0%

ENet: A Deep Neural Network Architecture for Real-Time Semantic Segmentation

TITLE: ENet: A Deep Neural Network Architecture for Real-Time Semantic Segmentation

AUTHER: Adam Paszke, Abhishek Chaurasia, Sangpil Kim, Eugenio Culurciello

ASSOCIATION: University of Warsaw, Purdue University

FROM: arXiv:1606.02147

CONTRIBUTIONS

  1. A novel deep neural network architecture named ENet (efficient neural network) is propsed, which is quite efficient.
  2. A serie of designing strategies is discussed.

Design Choices

Network Architecture

Readers could refer to the paper to have a look at the network architecture. The network is inspired by ResNet structure, while the authers re-design it based on the specific task of semantic segmentation and their intuitions. The intial block and basic building block (bottlenect module) is shown in the following figure. After the intial block, a comparetively large encoder is constructed using the bottleneck module. On the other hand, a smaller decoder follows the encoder.

Design Strategy

  1. Feature map resolution: Small feature map resolution has two drawbacks 1) loss of finer information of edges and 2) smaller size compared with original image. The advantage is that small feature map resolution means larger receptive field and more context for the filters. The first problem is solved by adding more feature maps or unsampling technique.
  2. Early downsampling: Early downsampling is very helpful for boosting the efficiency of the network while persisting the performance. The idea is that visual information is highly redundant and that initial network layers should not directly contribute to classification but act as good feature extractors.
  3. Decoder size: In most previous works, the encoder and decoder have the same size, for example totally symmetric. In this work, the auther uses a larger encoder and a smaller decoder. The responsibility of encoder is to operate on smaller resolution data and provide for information processing and filtering.
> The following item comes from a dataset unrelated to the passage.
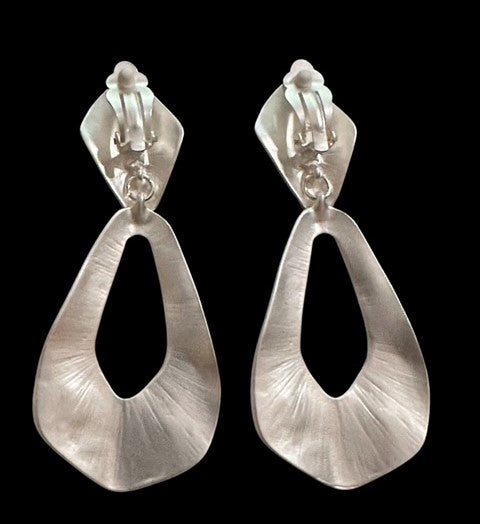 Clip on 3 1/2" large matte silver hammered cutout odd shaped earrings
Instead, the role of the the decoder, is to upsample the output of the encoder, only fine-tuning the details.
  4. Nonlinear operations In this paper some interesting observations are carried out. The auther invetigates the effect of nonlinear operations by training the network using PReLU. All layers in the main branch behave nearly exactly like regular ReLUs, while the weights of PReLU inside bottleneck modules are negative. It means that typical identity shortcut in ResNet does not work well because of the limited depth of the network.
  5. Information-preserving dimensionality changes: A method of performing pooling operation in parallel with a convolution of stride 2 and concatenating resulting feature maps is used to guarentee efficiency and performance, just as the intial block shows.
  6. Factorizing filters: Using factorizing technique can achive a kernel of larger size while using less computations. In addition, deeper network and more times of non-linear operation helps simulate richer functions.
  7. Dilated convolutions: Dilated convolutions is a good way of maintaining feature resolution while boosting efficiency.
  8. Regularization: Spatial Dropout is used to prevent overfitting.

ADVANTAGES

  1. The network processes fast.

DISADVANTAGES

  1. The performance is comparatively inferior.